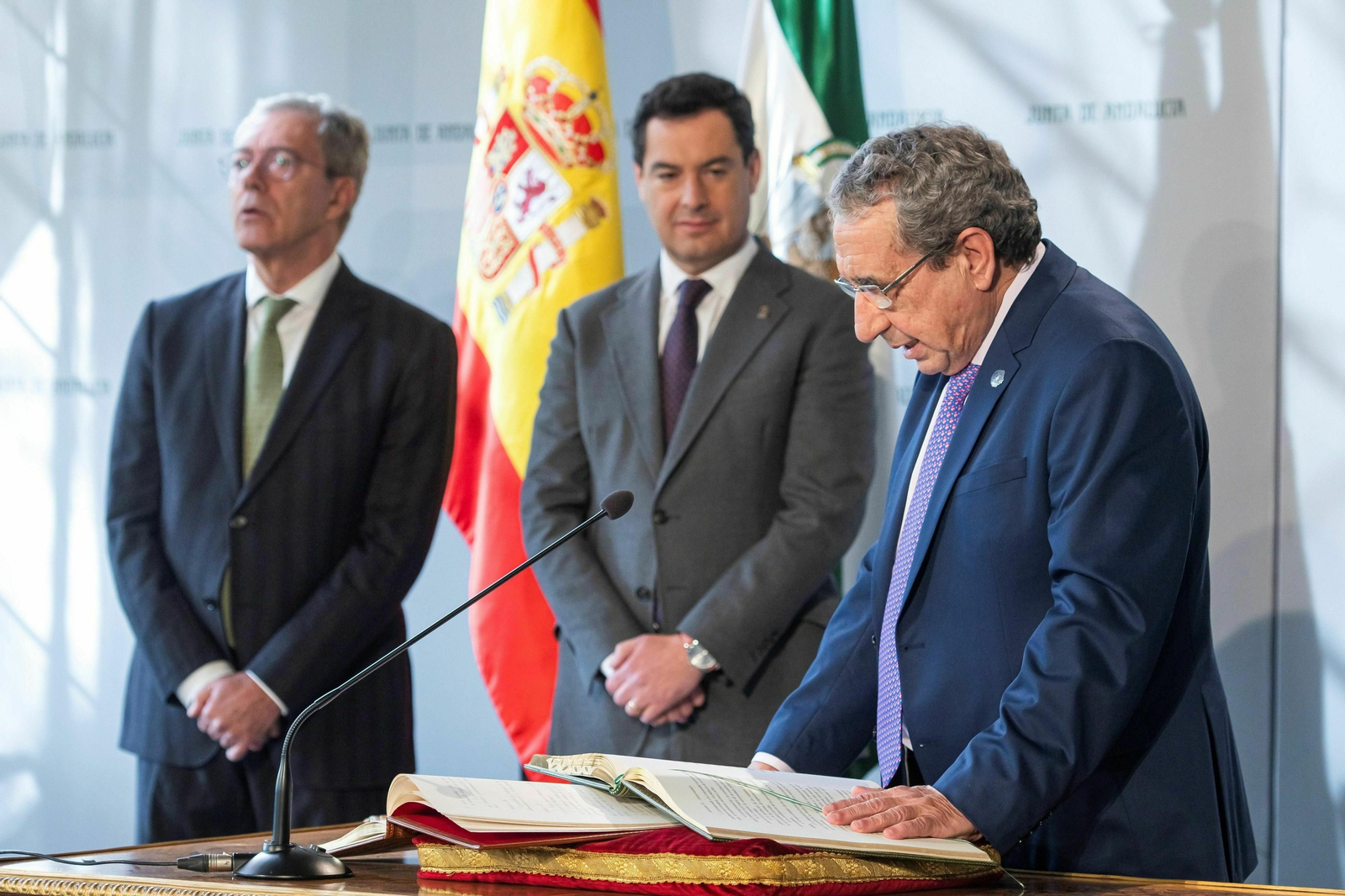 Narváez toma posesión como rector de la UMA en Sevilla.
= = =
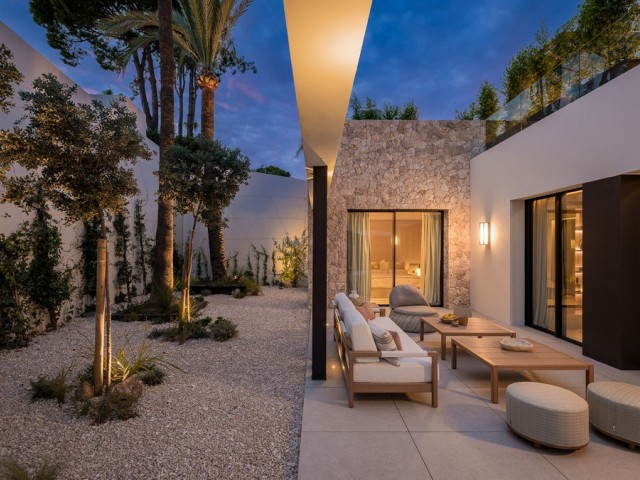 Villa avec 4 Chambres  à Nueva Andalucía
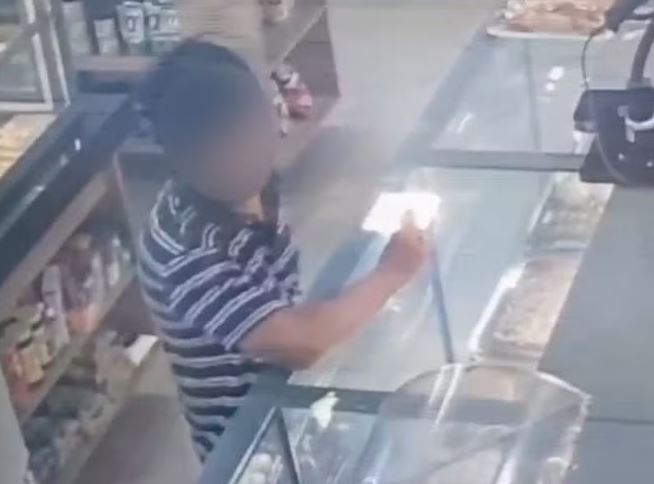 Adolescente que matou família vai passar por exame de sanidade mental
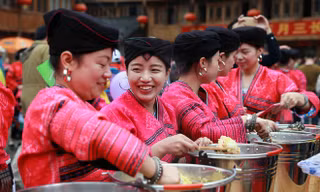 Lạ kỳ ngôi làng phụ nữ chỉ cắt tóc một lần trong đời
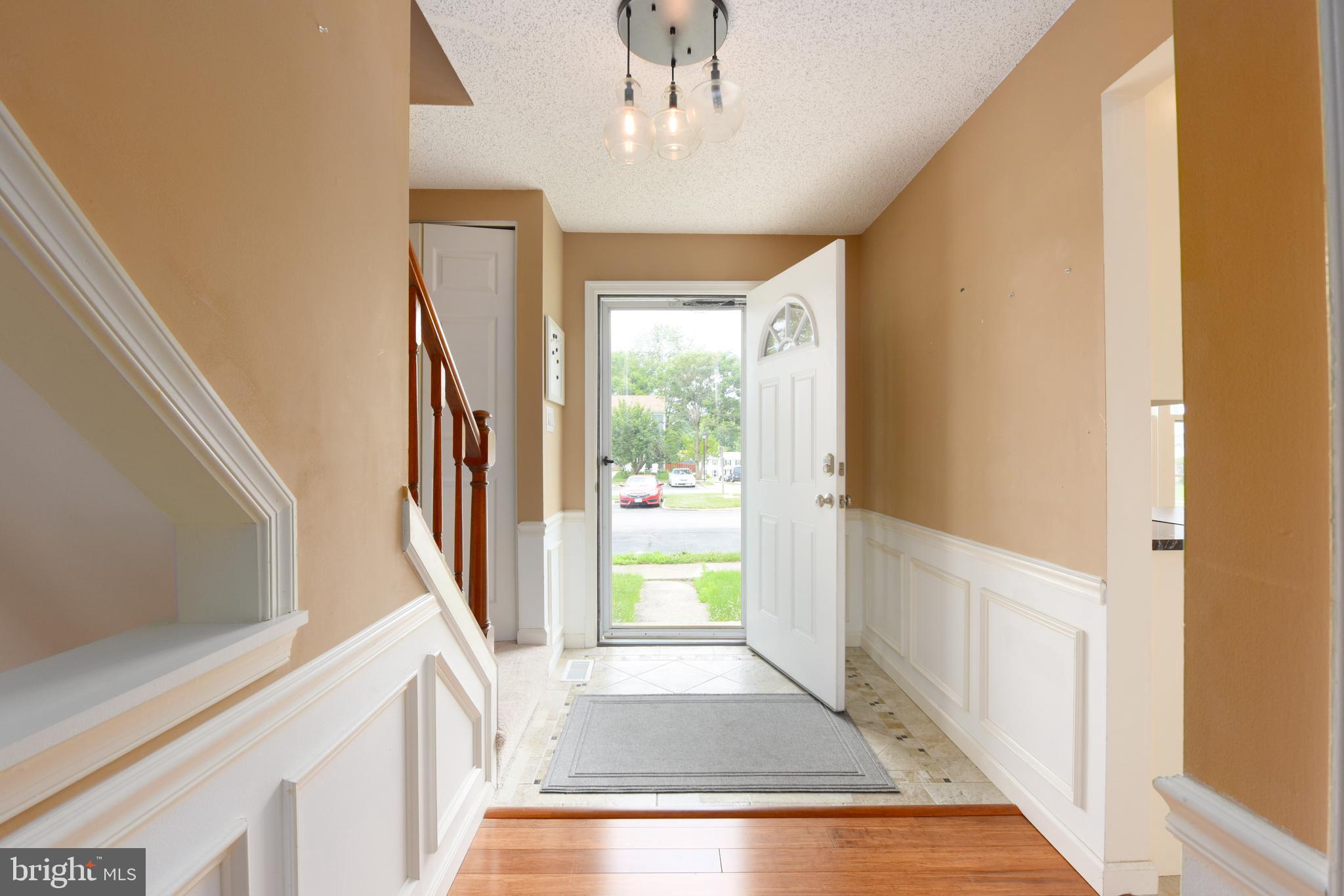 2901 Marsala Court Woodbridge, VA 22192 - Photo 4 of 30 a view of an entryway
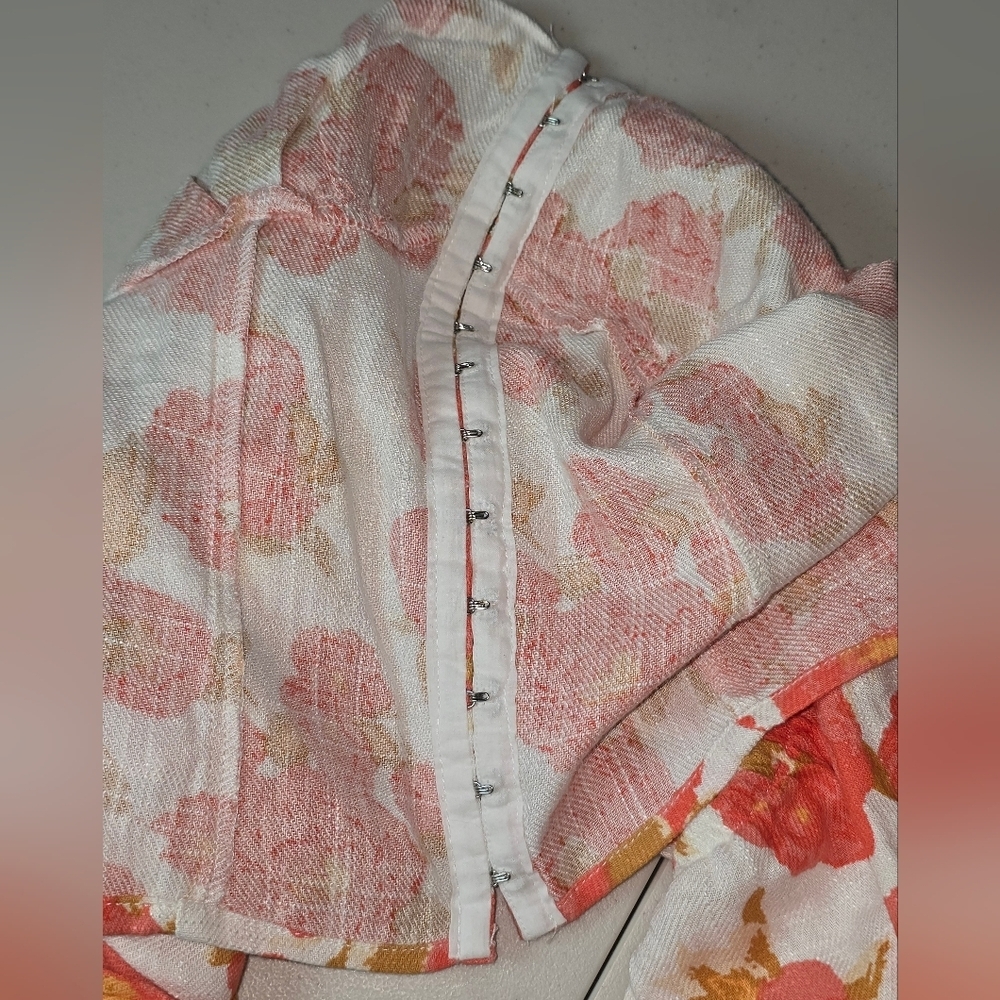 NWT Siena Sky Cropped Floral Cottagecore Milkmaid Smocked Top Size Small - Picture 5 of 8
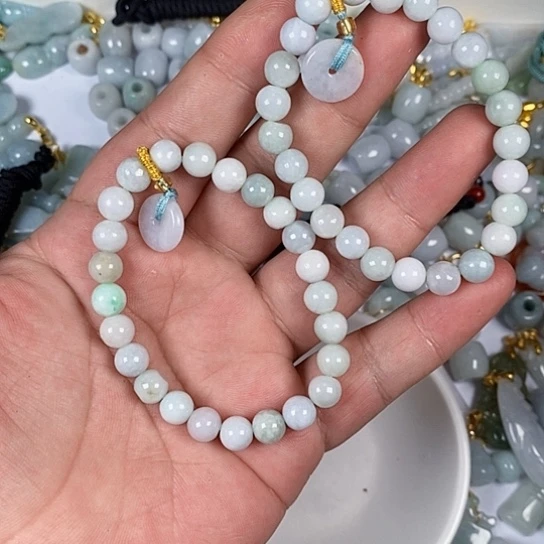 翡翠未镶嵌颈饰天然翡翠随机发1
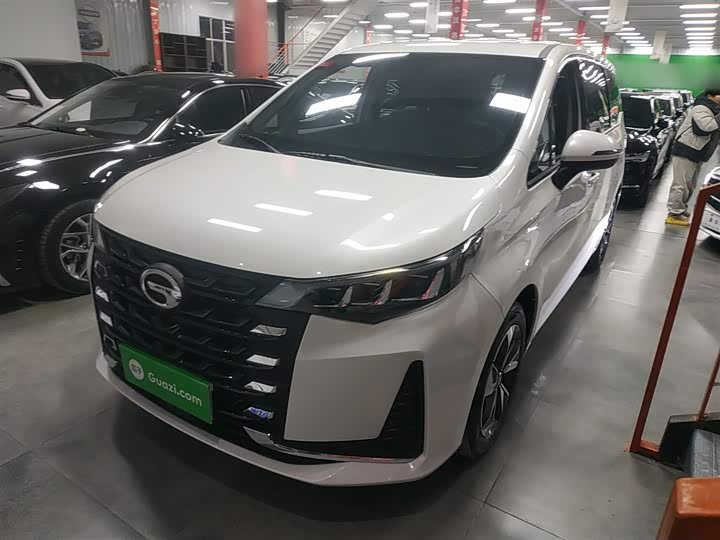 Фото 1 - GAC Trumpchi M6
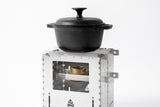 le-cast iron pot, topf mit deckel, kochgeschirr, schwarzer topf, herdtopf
= = =
## What this task involves:
What should come back is an exact copy of the lines above from the line with "NWT Siena Sky" to the line with "le-cast iron pot, topf", both included, minus the pictures.

## Expected answer:
 NWT Siena Sky Cropped Floral Cottagecore Milkmaid Smocked Top Size Small - Picture 5 of 8
 翡翠未镶嵌颈饰天然翡翠随机发1
 Фото 1 - GAC Trumpchi M6
 le-cast iron pot, topf mit deckel, kochgeschirr, schwarzer topf, herdtopf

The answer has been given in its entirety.